* [Task directions]: Would you return exactly the lines from the top of the data below through the one containing "Saltea Yoga pentru copii, ecologica - Earth, turcoaz Saltea", leaving out the pictures?

* [Given data]:
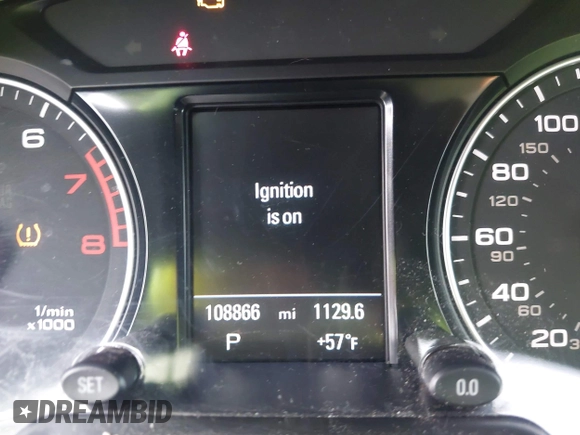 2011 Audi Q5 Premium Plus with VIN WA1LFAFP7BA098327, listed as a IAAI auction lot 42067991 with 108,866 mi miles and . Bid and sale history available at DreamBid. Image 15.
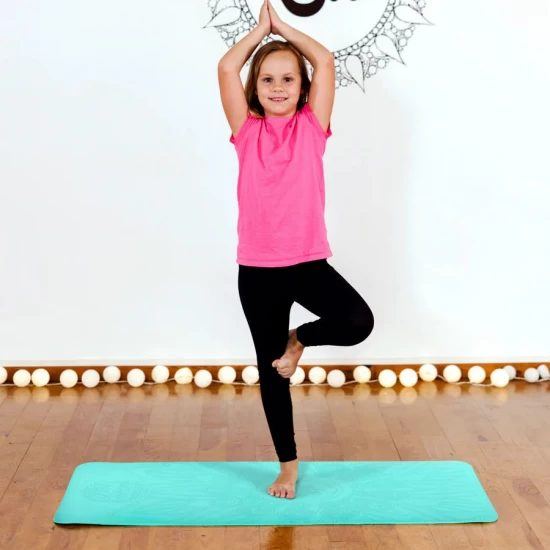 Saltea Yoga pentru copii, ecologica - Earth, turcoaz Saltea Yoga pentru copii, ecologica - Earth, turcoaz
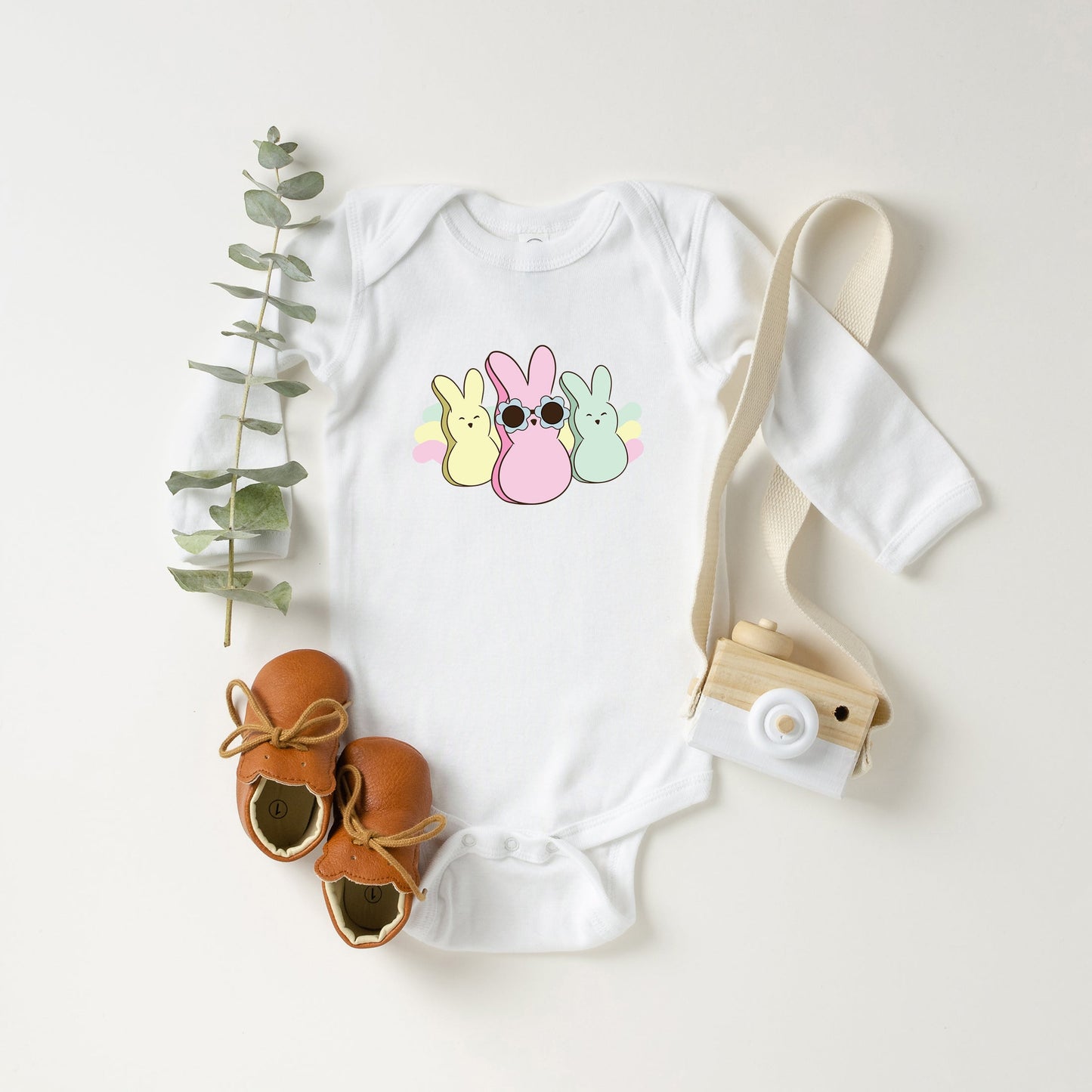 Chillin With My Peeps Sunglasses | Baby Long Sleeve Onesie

* [Task response]:
 2011 Audi Q5 Premium Plus with VIN WA1LFAFP7BA098327, listed as a IAAI auction lot 42067991 with 108,866 mi miles and . Bid and sale history available at DreamBid. Image 15.
 Saltea Yoga pentru copii, ecologica - Earth, turcoaz Saltea Yoga pentru copii, ecologica - Earth, turcoaz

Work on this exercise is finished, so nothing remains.